If these predictions prove correct, Britain has joined the club of the losers. By 2007, the U.K. should nearly be at the top of the Old Europe dung hill, just behind stagnant Italy in terms of growth.
….. What’s more ….. the tax burden per household has increased from around £13,000 a year in 1996-97 to nearly £18,000 by 2005-06. This is largely due to “fiscal drag,” in which workers are pulled into higher brackets because the thresholds aren’t increased in line with earnings. Local taxes have risen on average by 70% since 1997, and national insurance and stamp duty rose, too.
Both the current leader and the last prime minister of what was Margaret Thatcher’s Conservative party don’t get it either, as Mr. Story elaborates:
However, with both main political parties seemingly agreeing on the flawed concepts of social justice and redistribution, and committed to ever more state interference, Britons can expect their country to decline slowly but inevitably, yet again, into an international has-been.

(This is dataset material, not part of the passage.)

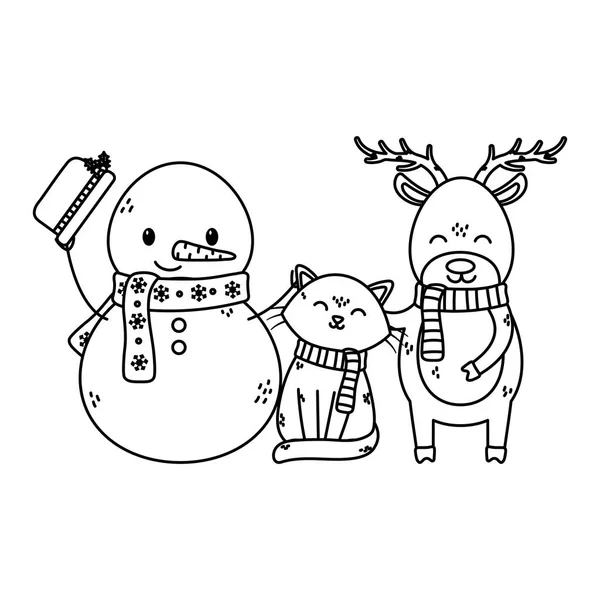 Snowman cat y celebración de renos festejan las navidades navideñas de la línea gruesa. — Archivo Imágenes Vectoriales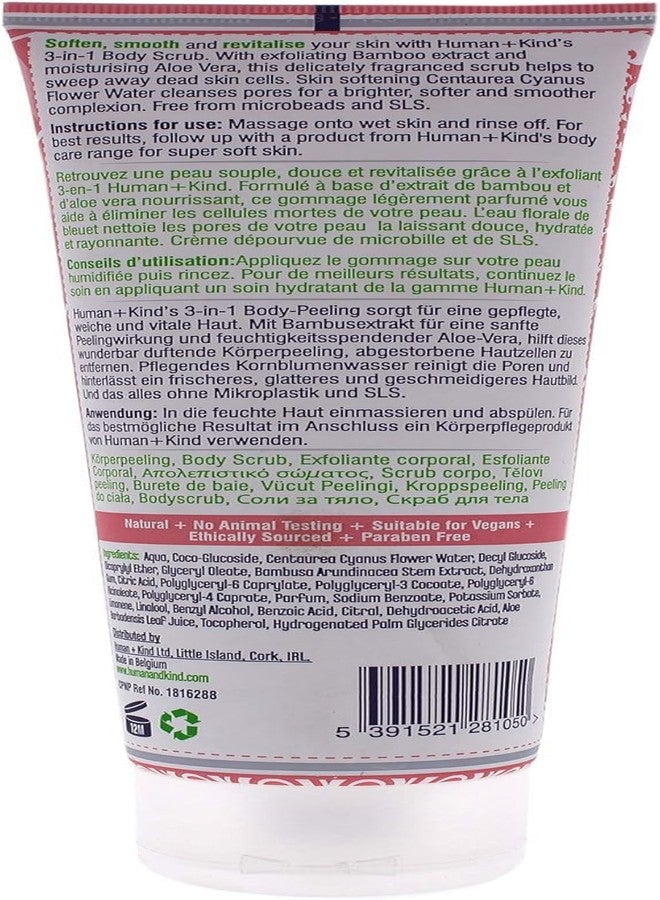human kind Human+Kind Body Scrub - Exfoliating, Hydrating Body Polish that Scrubs Away Dead Skin Cells - Clarifying Treatment for Soft, Smooth Skin with Bamboo Extract Beads - Vegan and Cruelty Free - 6.76 oz - Image 3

Why this should be so, however, has at its root two closely interlinked points. First is the political hubris and complacency of those economic liberals who mistakenly believed that the argument against socialism was won for good when the Berlin wall fell. Unfortunately, there’s no such thing as a clear-cut intellectual victory. These types of battles can only be won if they are constantly fought.
This leads to the second point, which is the disappearance in Britain of a home for those people who thought themselves vindicated by the demise of corporatism, state planning and governmental encroachment in business or private lives. The current political atrophy and the acceptance of a center-left consensus by Britain’s Conservative Party heralds a definitive rejection of the country’s more economically liberal and successful past — and a resumption of the country’s postwar decline.
Mr. Blair has been very successful in promoting the idea of a “third way” between liberalism and socialism. Many in the media are still mesmerized by it. So much so, in fact, that intellectuals and “experts” still speak of the Labour Party’s theft of the Tories’ free-market clothes as if it were a serious proposition, despite the massive expansion of the state. Government spending jumped from £320 billion per annum in 1997 to £580 billion by 2005, despite benign inflation throughout this period.
In other words, “Third way, schmird way.”
How sad. I for one will get no pleasure out of watching the economy of a key foreign-policy ally stagnate, as it surely will without a policy course change.